Fager and other group members have called on state and local officials to take action for years; most have said the issue should be addressed at the federal level.
The Senate report further confirms the North Carolina connection. While Aero Contractors isn’t specifically named, the report lists 17 detainees who were transported by the company, Stop Torture Now says.
“It was wrong for our state to be an enabler of these unspeakable acts,” George Reed, executive director of the N.C. Council of Churches, said Friday at the rally.
Stop Torture Now also asks McCrory to hold officials “accountable” for what they term the “misuse” of state facilities. The letter doesn’t list specific officials, but the group repeatedly called on Johnston County Commissioners – who oversee the airport that hosts Aero Contractors – to ban the company.
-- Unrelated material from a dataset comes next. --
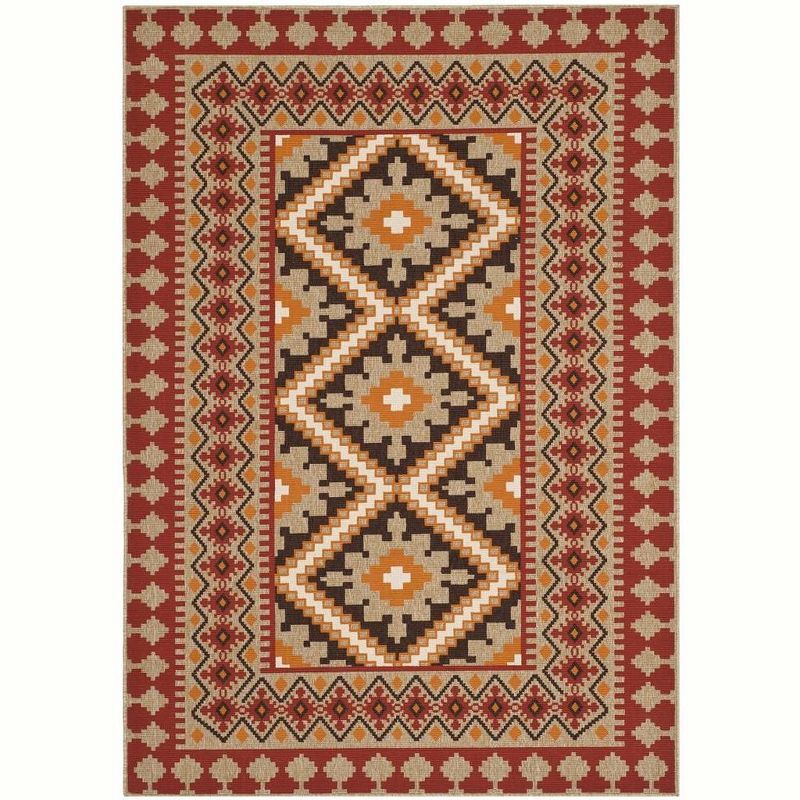 Red and Natural Southwestern Indoor/Outdoor Area Rug 5'3" x 7'7"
Commissioners declined, with one saying that “I’m not going to touch that thing, not as long as they are a good job provider.”
The group wants a state investigation to result in the public release of the names of torture survivors with links to North Carolina and a formal apology and restitution payments from the state.
Deborah Weissman, the UNC law professor who issued a report on Aero’s torture involvement, said the detainees should be recognized by the state, including an Italian citizen who she said was released “without one shred of evidence to show he was involved with terrorist activity.”
“He wants an apology,” Weissman said. “He is entitled by law to have an apology.”